At the end of January the BBC decided to show all the castaways the first four programmes, covering the selection process the previous year. A TV was imported onto the island for one night, and for the first time all the participants in the great experiment were able to see how they came across ...

Showing the castaways the first four programmes had never been the producers' original plan. But because of the delayed move to the island the Harris group had seen themselves on TV. 'So then we had to show the rest of the programmes to the ones still on the island,' says Executive Producer Colin Cameron. I'm sure that that had an impact on the dynamics of the group and on people's self-perception. Dez, for one, was really shocked by how he'd come over. It's bound to have had an effect - but in the end that just becomes part of the dynamic of the project.'

Certainly, during the week that followed the group viewing of the selection programmes, the ex-sales manager went into a visible depression. 'A couple of people have been feeling down about the way they're portrayed,' Trevor said to Toby in a joint video diary. 'Yeah,' Toby agreed. 'Of all the footage that's been taken, only certain bits have been selected to show them in a certain way. With one person in particular, it seems that way.'

'Yeah, Dez.'

'You see him to be a bit of an arse, but he's a really nice, sound bloke, he's got a side to him you don't see.'

Girlfriend Liz was more vocal about it. 'Dez has been pretty down in the dumps,' she told the video diary. 'Primarily because he's had all the castaways coming up to him and saying, "Oh, you've been portrayed really horribly, and my friends and relations have written to me saying how sorry they are that I have to spend a year with that guy." I think that's really upset him, quite understandably.

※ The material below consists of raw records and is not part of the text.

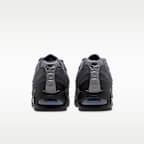 Nike Air Max 95 Older Bubble Men's Shoes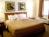 La Quinta Lafayette Inn Suites::Hotels.com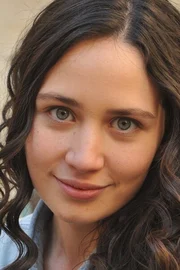 Ilayda Çevik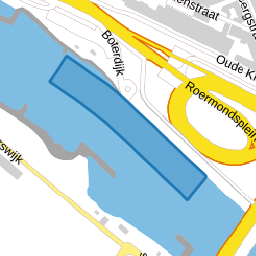 Perceel AHM01-P-6682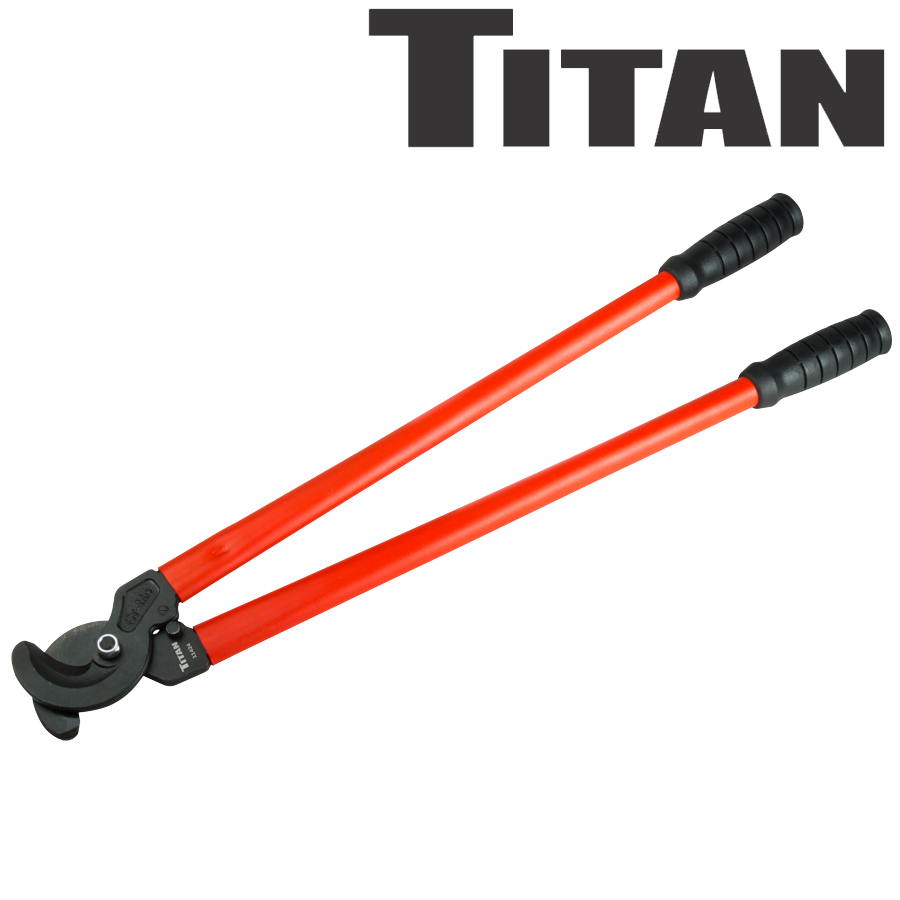 Couple-Cable 24''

'And I would just like to say what I think,' Liz went on, addressing the minicam more directly. 'Which is, you know, you say as programme makers you do balance the programmes. Well, I haven't seen a balance in the way you've portrayed Dez. You've only shown his nasty side and I know for a fact you've got loads of footage of him being the joker, messing around, being caring and things. So I haven't been very impressed about your integrity in terms of showing a balanced view of people. For example, I remember, Chris, you saying to me that if an incident occurs you'll always then go and interview that person afterwards and hear what they have to say. Well, I didn't see any of that in the programmes, so I look forward to you addressing that in the programmes to come. Certainly knowing that loads and loads of people think you're an absolute arse because of the way you've been portrayed is a bit hurtful. So I hope you can do something about it,' the management consultant concluded combatively.

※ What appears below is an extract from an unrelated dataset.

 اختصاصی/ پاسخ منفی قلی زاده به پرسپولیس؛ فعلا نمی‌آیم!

Other complaints were less serious, and not necessarily focused at the programme makers. 'I was not totally happy with how I was portrayed in Programme Four,' wrote Mike, 'but there is nothing I can do about it now.' 'I'm a bit pissed off,' Philiy confided, 'not with anyone, just with me. After we watched the programmes I felt I was seen to be really quiet. Paul did point out that I was probably quiet at the time, but it's really frustrating me that I'm being perceived as something I'm not.' 'Colin likewise,' Dez told the video diary, 'has been a bit concerned that the bits he's seen on TV are not portraying him in the light he feels is acceptable.' 'I just haven't been on the programme very much,' said Colin.

Little Old Me

A reaction of a more complex kind lay in wait for someone to whom the programmes had been kinder. 'I still don't understand why there's this huge interest in this project or me,' newly crowned tabloid darling Ben reported. 'I'd never in a million years thought that me, Ben Fogle, little old me that worked at Tatler anonymously, likes going around London by myself, doing a bit of shopping, just being me - why people are interested in me. Suddenly the post arrived yesterday and I had probably about thirty or forty letters from strangers. One from Mummy, one from friends and family, and literally thirty-five letters from everyone that watched the programme and they were so lovely. All of them start, You probably think I'm really strange doing this and I'm not a complete weirdo, I just watched the programme and felt so strongly about it I can't stop thinking about all of you - that I have to write a letter. And then they tell you all these things, they give you a secret, so I've got thirty secrets that I've been told by people I've never met. It's incredible. I just lay in bed last night reading them, just going, Oh ah. And I'm building up this whole picture about all these people that have written to me and it's just a whole new element to this project. I suddenly know thirty new people. On a deserted island. And that's really strange, because I'm supposed to be just with the thirty-six of us here. Some people have sent books, some photographs. It's really lovely, so heart-warming that I can't get my head around it, I really can't.'

That he could be so concerned about thirty total strangers perhaps indicated at least part of the heart-throb's appeal. Handsome hunks are two a penny on television, and the 'posh' not currently idolised. But Ben's essential good-natured decency was a rarer quality, and one that the viewing public, fed an endless diet of the cynical, self-obsessed and wordlywise, the hard-eyed autocuties and the pudgy meeja lads, perhaps hungered for. A man with the enthusiasm to swim to the middle of a lake! And the sensitivity to be visibly upset about strangling a chicken! Yes please! That his qualities were more genuine than most had already been tested by close proximity to his fellow castaways. Builder Ray was not the most obvious fan for such a Woosterish fellow, yet of all the youngsters, he rated Ben the most. Dinner lady Gwyneth had rhapsodised to me on my visit about how 'unspoilt' he was. Postman Pat had a project to try and get him to swear - 'at least once' - during the year.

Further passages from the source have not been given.